Provided records:
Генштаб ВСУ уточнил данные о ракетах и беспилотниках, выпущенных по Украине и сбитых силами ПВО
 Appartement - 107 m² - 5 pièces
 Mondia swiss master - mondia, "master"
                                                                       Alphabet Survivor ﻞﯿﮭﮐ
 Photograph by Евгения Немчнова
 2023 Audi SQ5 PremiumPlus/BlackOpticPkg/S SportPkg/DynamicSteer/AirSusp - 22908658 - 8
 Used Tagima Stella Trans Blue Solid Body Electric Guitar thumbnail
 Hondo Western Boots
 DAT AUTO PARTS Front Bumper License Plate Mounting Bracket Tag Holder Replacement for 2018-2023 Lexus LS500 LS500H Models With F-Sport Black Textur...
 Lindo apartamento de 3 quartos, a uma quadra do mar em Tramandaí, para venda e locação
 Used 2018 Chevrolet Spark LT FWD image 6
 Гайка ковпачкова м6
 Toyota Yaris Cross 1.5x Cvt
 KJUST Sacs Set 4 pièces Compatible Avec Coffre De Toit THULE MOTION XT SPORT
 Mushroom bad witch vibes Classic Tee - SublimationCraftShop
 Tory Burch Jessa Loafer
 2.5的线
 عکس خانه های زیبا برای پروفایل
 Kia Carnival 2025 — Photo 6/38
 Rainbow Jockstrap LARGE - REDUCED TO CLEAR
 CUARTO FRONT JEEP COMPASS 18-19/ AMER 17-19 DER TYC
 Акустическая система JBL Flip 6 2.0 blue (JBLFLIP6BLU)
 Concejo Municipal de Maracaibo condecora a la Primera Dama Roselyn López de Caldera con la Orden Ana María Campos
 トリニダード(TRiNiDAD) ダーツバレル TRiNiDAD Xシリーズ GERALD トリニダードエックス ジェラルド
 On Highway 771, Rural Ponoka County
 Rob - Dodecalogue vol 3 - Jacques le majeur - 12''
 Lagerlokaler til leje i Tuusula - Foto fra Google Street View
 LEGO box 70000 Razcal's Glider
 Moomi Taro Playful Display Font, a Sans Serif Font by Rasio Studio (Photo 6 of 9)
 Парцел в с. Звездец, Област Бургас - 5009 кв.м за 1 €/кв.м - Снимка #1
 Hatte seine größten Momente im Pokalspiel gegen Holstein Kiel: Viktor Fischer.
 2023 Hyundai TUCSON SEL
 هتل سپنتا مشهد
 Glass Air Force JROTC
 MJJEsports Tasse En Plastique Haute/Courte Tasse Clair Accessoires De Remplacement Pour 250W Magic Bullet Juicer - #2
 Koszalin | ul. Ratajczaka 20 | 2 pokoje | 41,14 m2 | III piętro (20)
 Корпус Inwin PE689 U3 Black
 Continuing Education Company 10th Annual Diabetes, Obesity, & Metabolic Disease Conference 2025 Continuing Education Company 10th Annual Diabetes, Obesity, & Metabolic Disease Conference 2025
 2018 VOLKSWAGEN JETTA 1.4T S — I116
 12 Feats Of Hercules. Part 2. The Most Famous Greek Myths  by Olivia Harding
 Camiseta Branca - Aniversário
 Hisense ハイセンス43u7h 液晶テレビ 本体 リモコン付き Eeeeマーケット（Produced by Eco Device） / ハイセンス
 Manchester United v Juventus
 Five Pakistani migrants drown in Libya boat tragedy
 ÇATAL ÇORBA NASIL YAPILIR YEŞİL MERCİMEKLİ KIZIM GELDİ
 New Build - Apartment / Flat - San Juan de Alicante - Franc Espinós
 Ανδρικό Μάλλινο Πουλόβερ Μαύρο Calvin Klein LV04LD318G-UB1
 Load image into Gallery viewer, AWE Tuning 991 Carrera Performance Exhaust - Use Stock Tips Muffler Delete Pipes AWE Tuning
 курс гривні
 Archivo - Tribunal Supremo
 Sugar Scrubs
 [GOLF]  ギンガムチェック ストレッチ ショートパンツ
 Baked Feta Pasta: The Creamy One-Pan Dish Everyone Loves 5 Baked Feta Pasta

Work instruction:
From the records above, transcribe without alteration every line from the one with "2018 VOLKSWAGEN JETTA 1.4T S — I116" to the one with "Five Pakistani migrants", inclusive.

Written solution:
 2018 VOLKSWAGEN JETTA 1.4T S — I116
 12 Feats Of Hercules. Part 2. The Most Famous Greek Myths  by Olivia Harding
 Camiseta Branca - Aniversário
 Hisense ハイセンス43u7h 液晶テレビ 本体 リモコン付き Eeeeマーケット（Produced by Eco Device） / ハイセンス
 Manchester United v Juventus
 Five Pakistani migrants drown in Libya boat tragedy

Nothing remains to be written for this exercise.